[git-users] git describe's way of choosing the "most recent" tag

2017-08-05 Thread Kévin Le Gouguec
Hi,

Not sure this is a bug; I might just misunderstand git-describe's
algorithm. I am on Debian Jessie with git version 2.1.4; I also get
the same behavior on next (98096fd7a85b93626db8757f944f2d8ffdf7e96a).
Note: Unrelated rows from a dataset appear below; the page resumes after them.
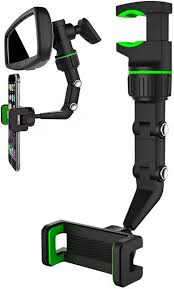 Car Mobile Holder (Universal 360 Rotatable) | GPS Phone Stand for All vehicles & Mobile Phones.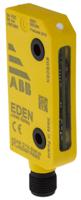 2tla020051r5200-adam-dyn-status-m12-5 ABB Jokab Non-Contact Safety Switch, Polybutylene Terephthalate Housing, M12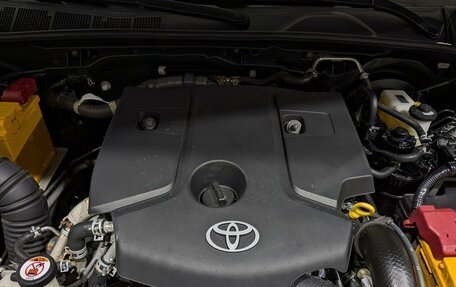 Toyota Hilux VIII, 2017 год, 3 850 000 рублей, 5 фотография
I am trying to get the most recent tag on Emacs's repository[1]. With
master checked out (at eaa5dc9d102d10c79f10bee1994ad922b8fcf9c4),
running

$ git describe --tags --debug --match 'emacs-*' 

Yields:

searching to describe HEAD
 lightweight   129568 emacs-25.1
 lightweight 3807 emacs-25.1-rc2
 lightweight 3847 emacs-25.1-rc1
 annotated   3906 emacs-25.2
 annotated   3941 emacs-25.2-rc2
 lightweight 3947 emacs-25.0.95
 annotated   3957 emacs-25.2-rc1
 annotated   4001 emacs-25.1.91
 lightweight 4026 emacs-25.0.94
 lightweight 4050 emacs-25.1.90
traversed 129978 commits
more than 10 tags found; listed 10 most recent
gave up search at 5c587fdff164e8b90beb47f6da64b4884290e40a
emacs-25.1-129568-geaa5dc9

I am somewhat surprised that git does not choose "emacs-25.2". The
manpage says:

If multiple tags were found during the walk then the tag which has
the fewest commits different from the input commit-ish will be
selected and output. Here fewest commits different is defined as
the number of commits which would be shown by git log tag..input
will be the smallest number of commits possible.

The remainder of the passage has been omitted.